I think I've got something, but it's ugly and I don't know how to tidy it up. Consider whether any two bags have the same number of coins in them. Exactly one of the following is true:
a all bags have 125 coins.
b 3 bags same, 1 different.
c 2 pairs of bags.
d A pair and two distinct.
e All distinct.
There is only 1 possibility for a.
For b, 500/3 = 166 (rounded down), so there are 166 possibilites (+1 for 3 empty bags, -1 for case a)
For c, the pair with the least coins could have between 0 and 124 each, so 125 possibilities.

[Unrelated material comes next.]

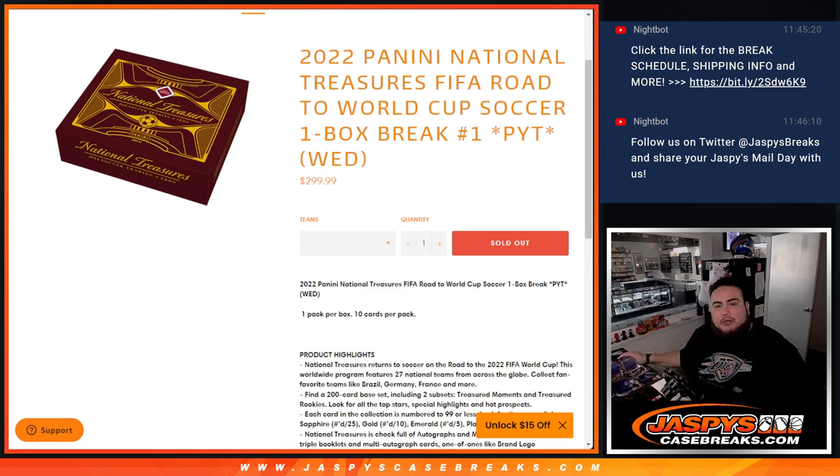What's up everybody, Jason here for JazzBeatsCaseBreaks.com. Happy new release to you guys. 2022 Panini National Treasures FIFA Road to World Cup Soccer just sold out, and this is a one box break.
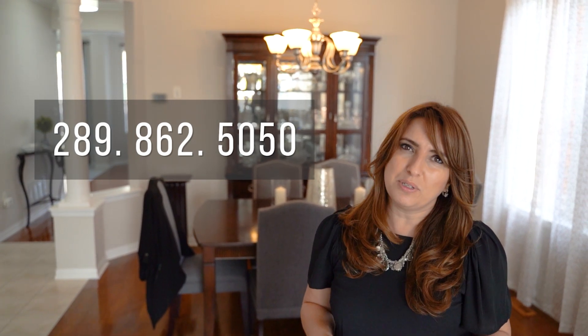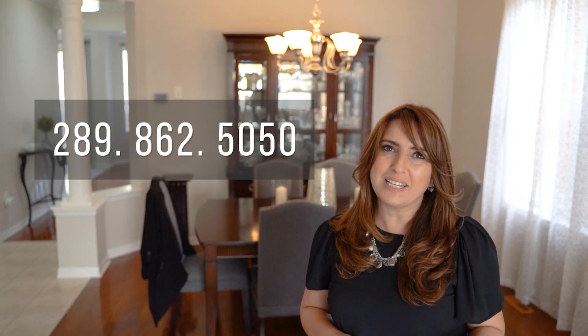For more information on this property or any other real estate questions, give us a call or message us. We hope to connect with you soon.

Now it gets ugly. Suppose we have a string of 500 0s and 2 1s. For every pair of 0s, put 1 coin in each of the first two bags until you reach the first 1. Then put a coin for every 0 into bag 3 until you reach the second 1, then put the remaining coins in bag 4. Now there are 251 choose 2 strings (=125*251) where both 1s occur in an odd position, so these are valid; and there are 251^2 strings where one is in an even and one in an odd position. In (251/2)(251+1) (=126*251) of these the odd one occurs first so these are also valid. This gives 251^2. However among these strings, 1 falls under case a; 2*166 fall under case b (3rd or 4th bag same as 1st two); and 2*125 fall under case c (larger pair could be 1&2 or 3&4). The order of the 3rd and 4th bags doesn't matter, so the remainder of the strings occur in equivalent pairs. This gives a total of [(251^2 - 1)/2 - 166 - 125] for case d, and a total of (251^2+1)/2 overall.
Finally, most of the possibilities are in case e: this time we have a string with 500 0s and 3 1s, with the obvious interpretation. There are 503 choose 3 (=167*251*503) of these. However amongst these 1 falls under a, 4*166 under b, 6*125 under c and 12*[(251^2 - 1)/2 -166 -125] under d (consider possible orders of bags). The rest occur in equivalence classes of 24.
So we have a grand total of {167*251*503 - 1 - 4*166 - 6*125 - 12*[(251^2 - 1)/2 - 166 -125]}/24 + (251^2 + 1)/2.
I think this is [167*251*503 - 1 + 8*166 + 6*(251^2 + 128)]/24, but I've probably made some mistakes along the way, and don't really want to simplify this expression any more. My calculator says 894348; does this sound right?
I'm sure you came up with a more elegant method than this!